:: Assignment ::
Return only the lines below starting at the line containing "Hey everyone, we're" and ending at the line containing "Another summer product", both included, exactly as they are and with no pictures.

:: Dataset excerpts ::

· · · · ·

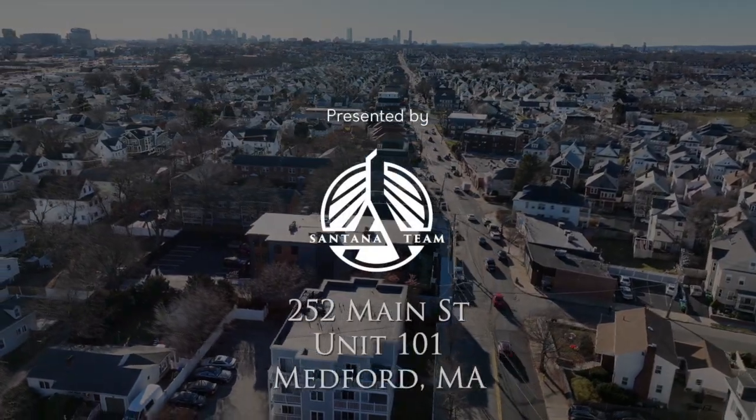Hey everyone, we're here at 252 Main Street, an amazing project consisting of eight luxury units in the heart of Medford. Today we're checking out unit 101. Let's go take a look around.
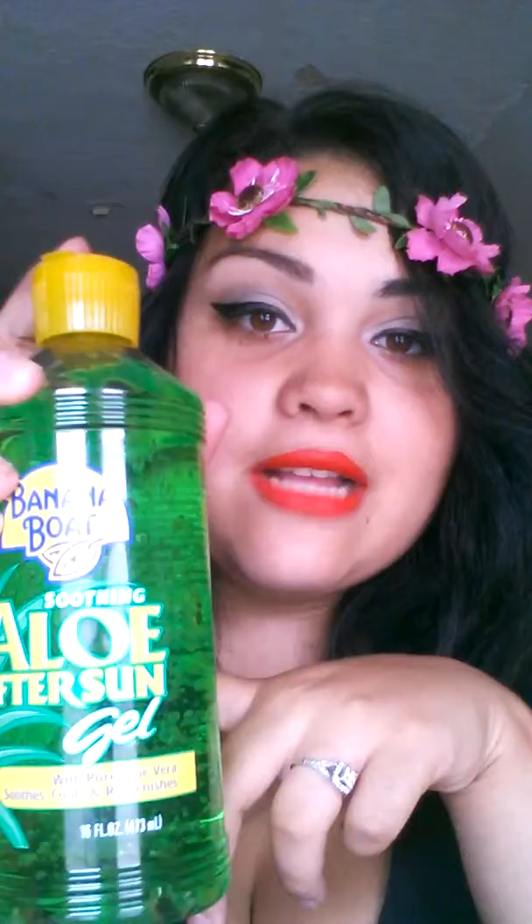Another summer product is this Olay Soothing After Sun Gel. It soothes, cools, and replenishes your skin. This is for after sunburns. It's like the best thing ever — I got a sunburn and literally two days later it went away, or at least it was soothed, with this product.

· · · · ·

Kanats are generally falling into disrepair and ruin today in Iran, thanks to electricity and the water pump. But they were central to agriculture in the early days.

· · · · ·

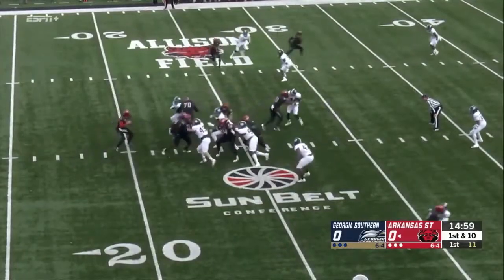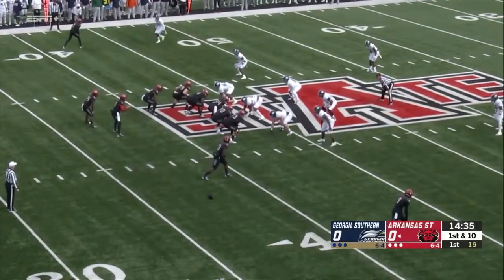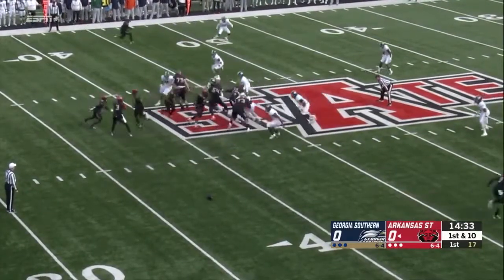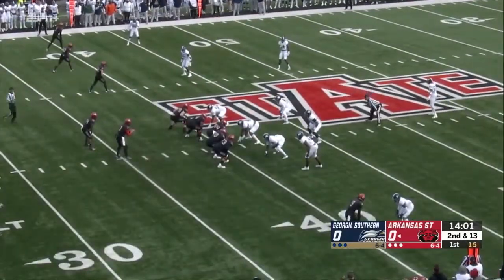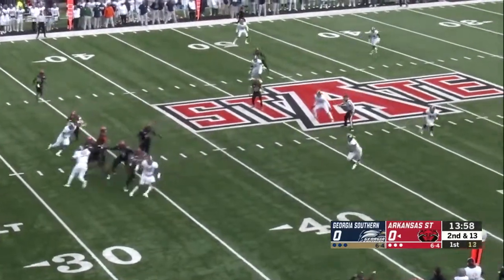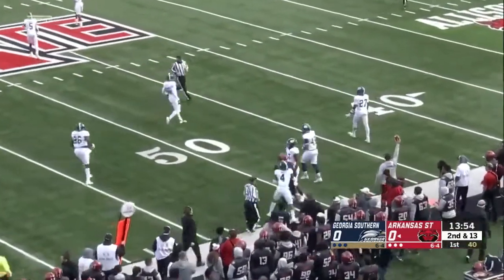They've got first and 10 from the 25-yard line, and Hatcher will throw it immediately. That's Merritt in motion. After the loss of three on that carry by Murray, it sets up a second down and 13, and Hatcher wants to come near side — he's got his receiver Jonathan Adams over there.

· · · · ·

:: Solution for this task ::
Hey everyone, we're here at 252 Main Street, an amazing project consisting of eight luxury units in the heart of Medford. Today we're checking out unit 101. Let's go take a look around.
Another summer product is this Olay Soothing After Sun Gel. It soothes, cools, and replenishes your skin. This is for after sunburns. It's like the best thing ever — I got a sunburn and literally two days later it went away, or at least it was soothed, with this product.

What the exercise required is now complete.